**Task requirements**. From the material below, set down exactly the lines that run from the one containing "The second step" to the one containing "Welcome to TopSolid7.", minus the pictures.

════════

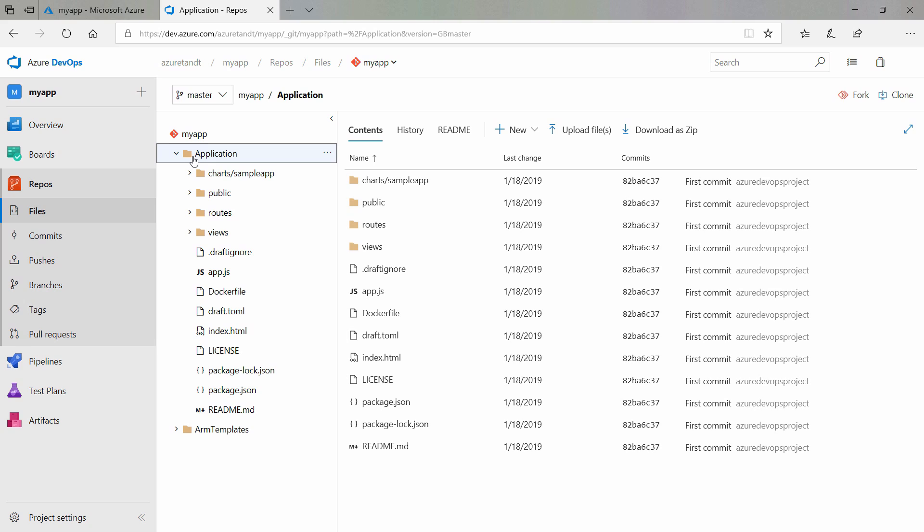So this is the repository that contains the application code, and also the Azure resource manager templates that help to deploy the Azure resources for the application. This code was cloned from the DevOps project samples GitHub project, to which you can find a URL in the description of this video.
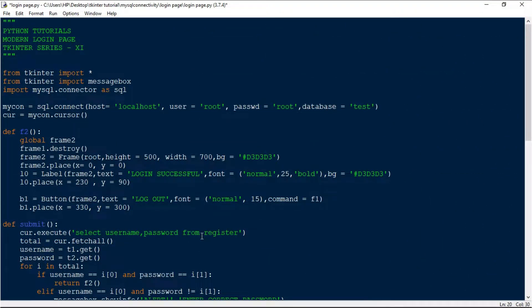Hello guys, in this video we will be seeing how to create a modern GUI using tkinter by adding background images and images on buttons. For this video I'm going to use the login page which I have created before, and in case you didn't watch that video, go back and watch it first.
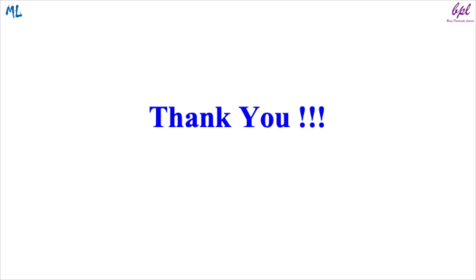Thank you for watching this video till the end. Don't forget to like, share, subscribe, and comment. See you in my next video. Till then, being a passionate learner, keep learning. Thank you.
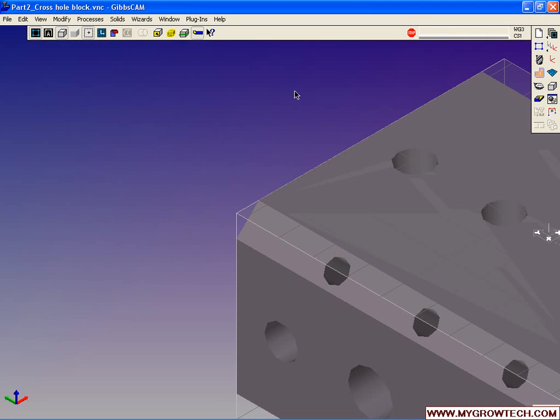Align CS. What we're going to do here is use two edges to align a coordinate system to, then move the origin to the intersection of those edges.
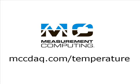Measurement Computing offers USB as well as PCI, Ethernet, and standalone data loggers to measure various temperature sensors, including thermocouples, RTDs, and thermistors. Please visit our website for complete information on all our temperature measurement DAQ products.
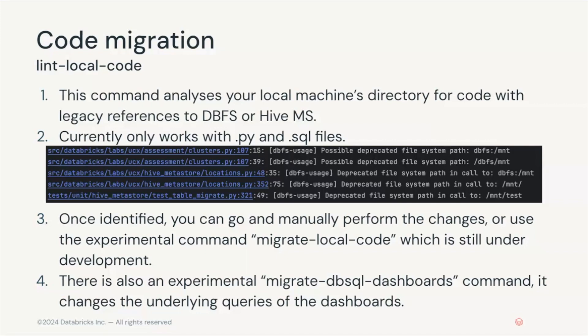First of all we have the lint local code command. This command will help you analyze the code you have in your local machine and detect if there are changes that you need to make in order to make it compatible with Unity Catalog. For example, references to DBFS and how you need to update them.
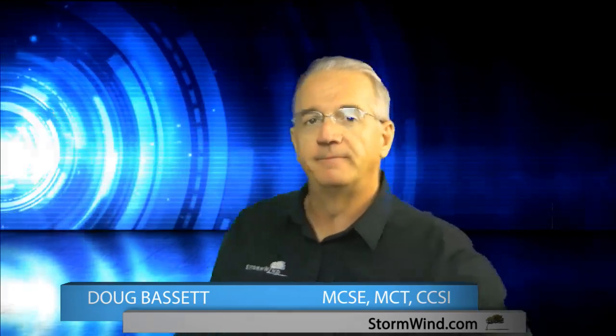If you do have any questions, feel free to email me. My email address is doug.bassett@stormwindlive.com. And I hope to see you in class real soon. Have a good one.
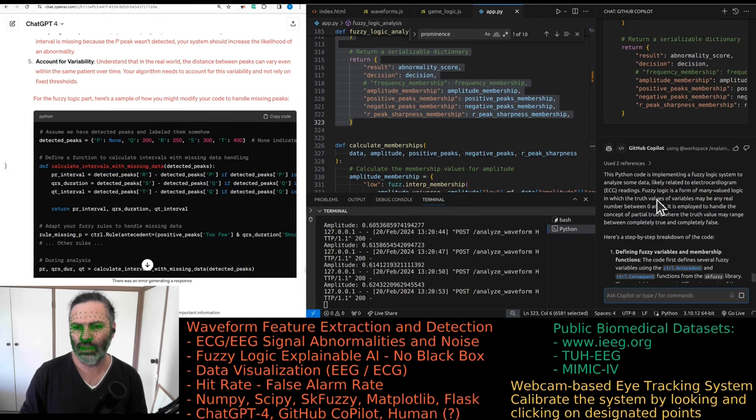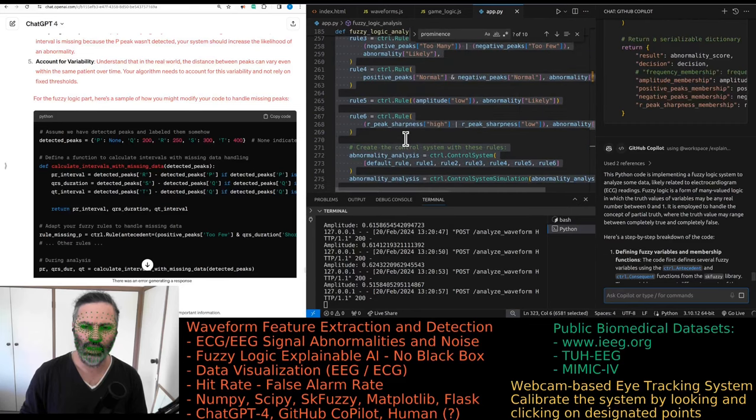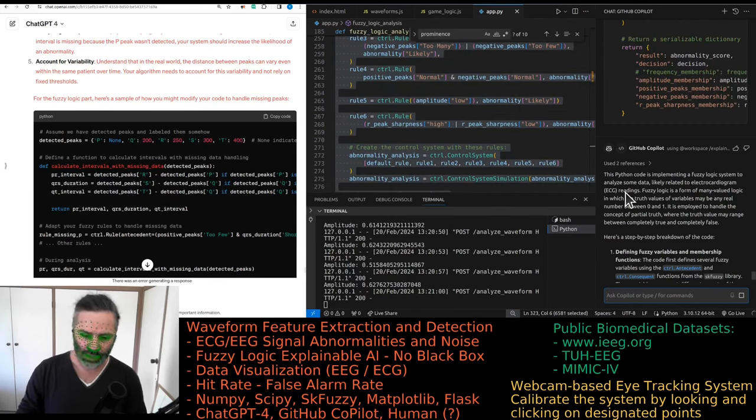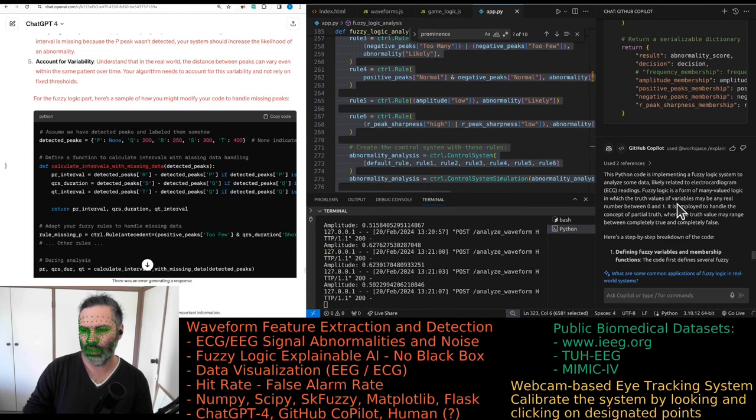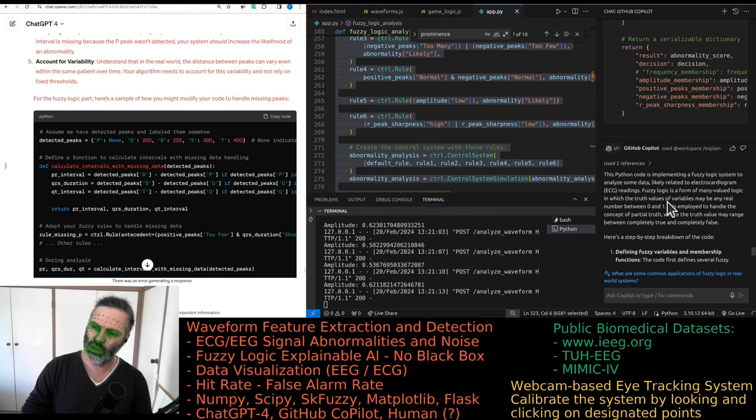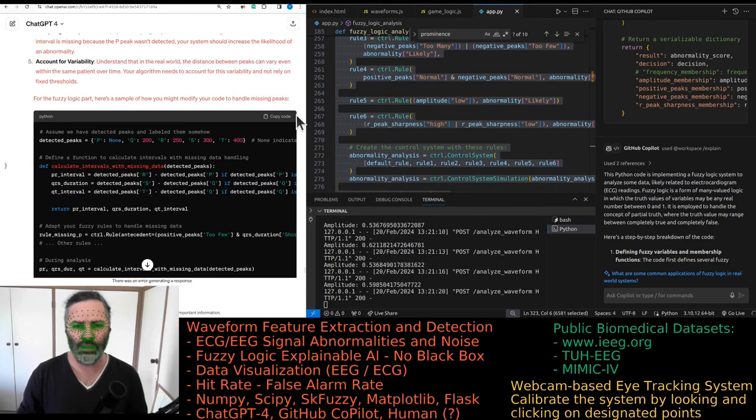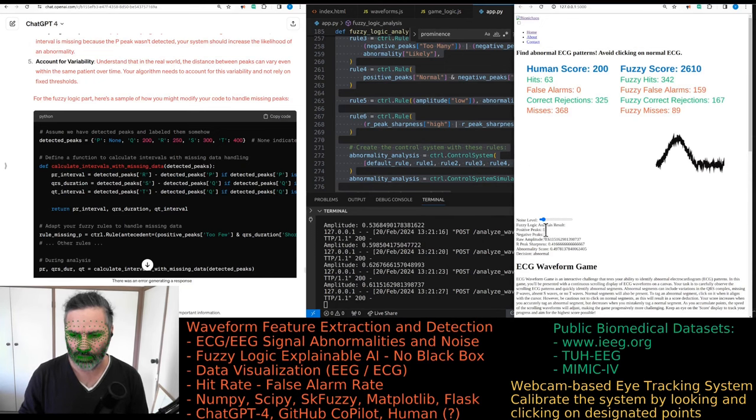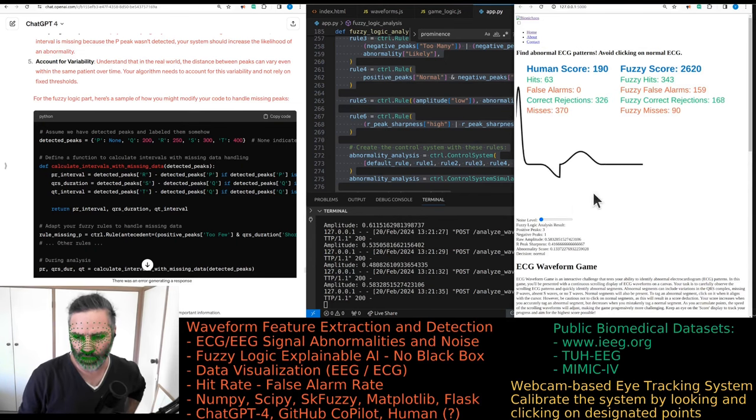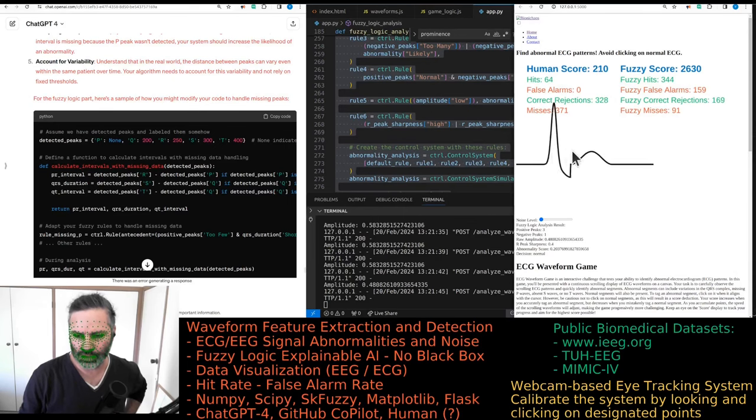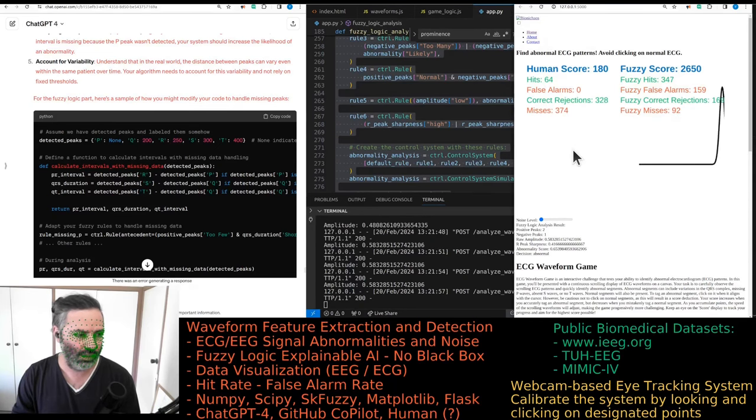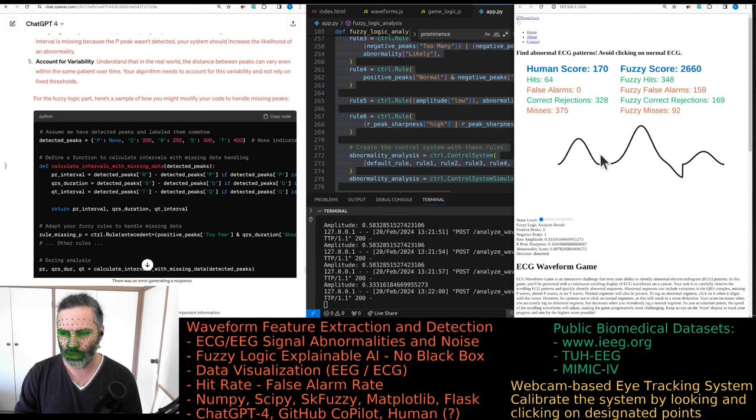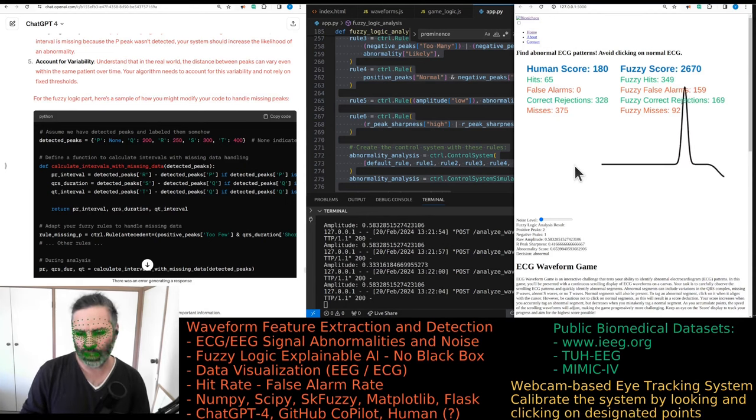It did actually read the whole thing, likely related to ECG readings. It's a form of many-valued logic in which the true values of variables may be any real number between zero and one. So all the numbers have to be normalized, which is not the case at the moment. Especially not when we have noise, then the number of positive peaks just shoots up through the roof. When we remove the noise it just gives the correct number of positive negative peaks.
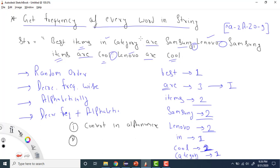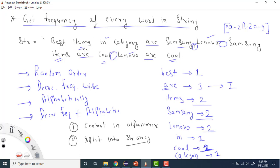The second step is to split the string into a string array using space as the delimiter. After replacing all non-alphanumeric characters with spaces, the entire string can be split into individual word strings.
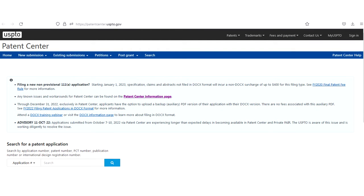So here is what the Patent Center intro screen looks like and I will put a link to the Patent Center URL in the description for this video.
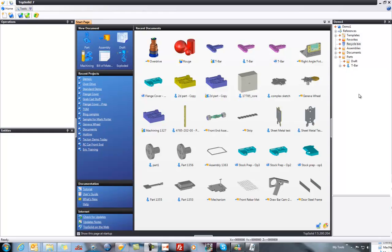Welcome to TopSolid7. In this sample, I'm going to show you how to do some multi-part machining. This sample is going to be based on putting a bunch of parts in just a big piece of material and machining all those parts. Let's get started.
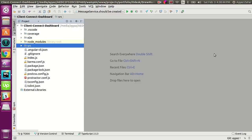Hello, in this video I will show you how we will use unit testing in our existing project. I already have set up everything to do unit testing in our existing project, so I will just show you how we will do that.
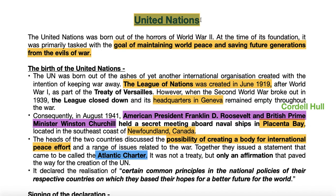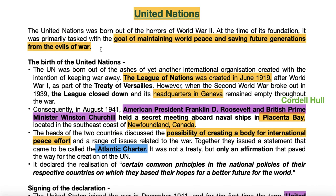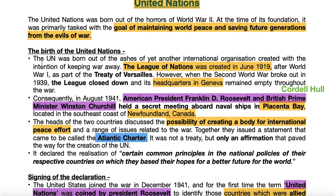As we discuss the United Nations and its 75th anniversary, let's look at why and how it was established. The goal of the United Nations was to maintain world peace and save future generations from the evils of war — a goal similar to that of the League of Nations. However, while the League of Nations failed to uphold this goal, the United Nations has so far been able to maintain this founding objective.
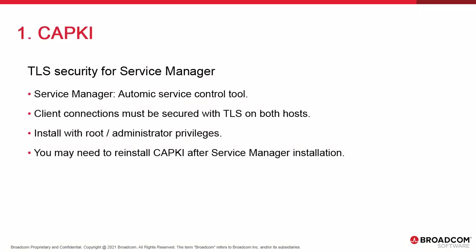We haven't covered the Service Manager yet. It's a simple tool that provides interactive control over any process in the Atomic environments. One of this course's modules is dedicated to it. Service Manager can manage services that are process-based, including AE, agents, and AWI, and connect to other Service Managers.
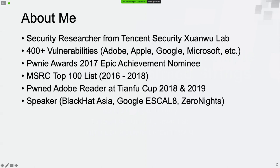First of all, please allow me to introduce myself briefly. My name is Ke Niu. I'm a security researcher from Tencent Security Show Lab. I have found and reported more than 400 vulnerabilities in products of Adobe, Apple, Google, Microsoft, and some other companies.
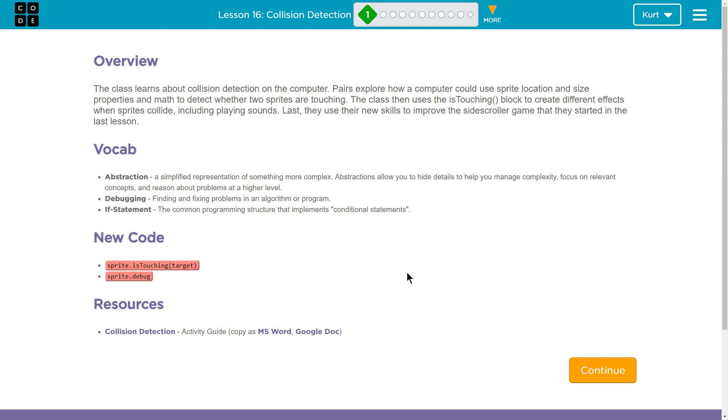And finally, if statement. The common program structure that implements conditional statements. And don't let the technical words fool you, conditional statements are just if statements. They check for things. And I'll show you what we mean.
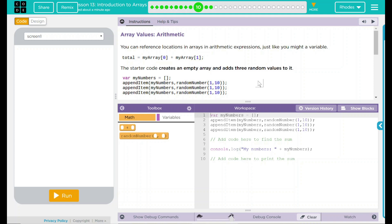Hey kids, welcome to Lesson 13, Introduction to Arrays, Number 6, Array Values Arithmetic.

════════

**Solution to this problem**.
The second step is to split the string into a string array using space as the delimiter. After replacing all non-alphanumeric characters with spaces, the entire string can be split into individual word strings.
So here is what the Patent Center intro screen looks like and I will put a link to the Patent Center URL in the description for this video.
Welcome to TopSolid7. In this sample, I'm going to show you how to do some multi-part machining. This sample is going to be based on putting a bunch of parts in just a big piece of material and machining all those parts. Let's get started.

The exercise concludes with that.